# Thread: Sum of log(i) up to n = O(nlogn)

1. ## Sum of log(i) up to n = O(nlogn)

First, I apologize if this is in the wrong section.

How do I go about demonstrating that the sum of log(i) from i up to n [eg. log(1) + log(2)... + log(n)] = O(n*logn)? That's Big-Oh notation. Any help/tips would be appreciated as I can't think where to start.

2. $\text{log}(1)+\text{log}(2)+\cdots+\text{log}(n) \le \text{log}(n)+\text{log}(n)+\cdots+\text{log}(n)=n \text{log}(n)$ for all $n \ge 1$.

3. ## Wondering around the solution

Any other tips ?
I do not want the solution but I am still searching hard

4. Originally Posted by euloiix
Any other tips ?
I do not want the solution but I am still searching hard
$\log(1)+\log(2)+\cdots+\log(n)=\log(n!)=\ldots$

and use Sterling's Approximation for n!: $\scriptstyle n!\simeq \sqrt{2\pi n}\left(\frac{n}{e}\right)^n$, for $\scriptstyle n\to \infty$. - But Black's solution, to me, seems much better.

5. ## Question

But it seems that I misunderstood. Are you able to conclude direcly from Black's proposition ?
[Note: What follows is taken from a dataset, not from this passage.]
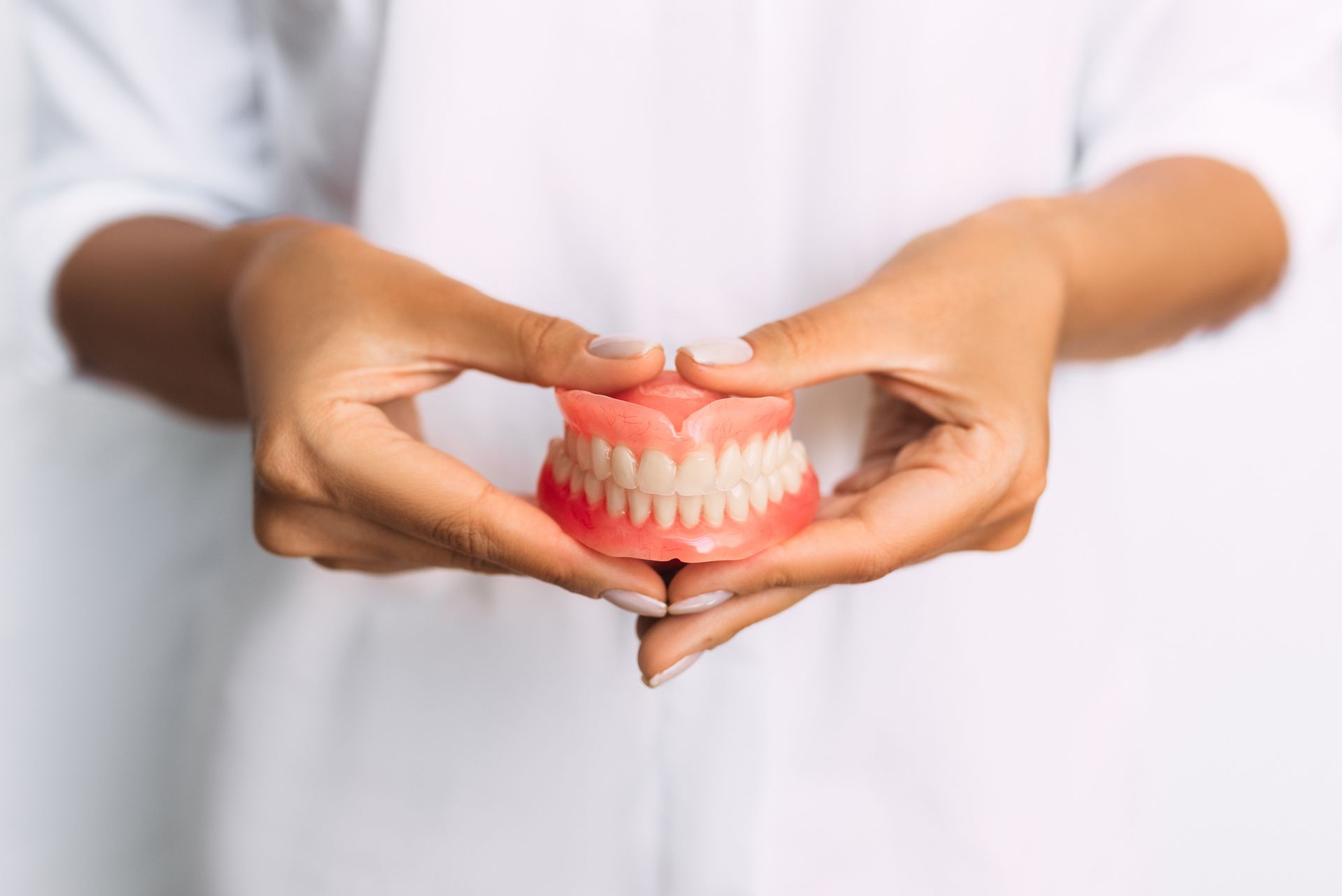 Hands holding a pink dental model against a white background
Can you pass the equivalence to x-> infinity ? I have not done math for a long time but I remember it is not always such a basic thing to do.

6. Originally Posted by euloiix
But it seems that I misunderstood. Are you able to conclude direcly from Black's proposition ?
Yes, and easily at that. You need to make sure you understand what you need to show in order to prove that

$\sum_{k=1}^n \log(n) = O(n\log n)$

Black has shown that

$0\leq \sum_{k=1}^n\log(k) \leq n\log(n)$

From this you get that

$\left|\sum_{k=1}^n\log(k)\right|\leq C\cdot n\log(n)$

for $n\to \infty$, and with C=1, actually.

You really should look up the definition of Landau's Big-Oh notation, and preferably reproduce it without cheating on a white sheet of paper some time later. Definitions are very important in mathematics: without knowing them (or at the very least looking them up) you cannot hope to find the answer to an exercise like this.

7. ## Solved

Thank you for your help. It seems so obvious once you get every steps of reasonning. You have been really helpful.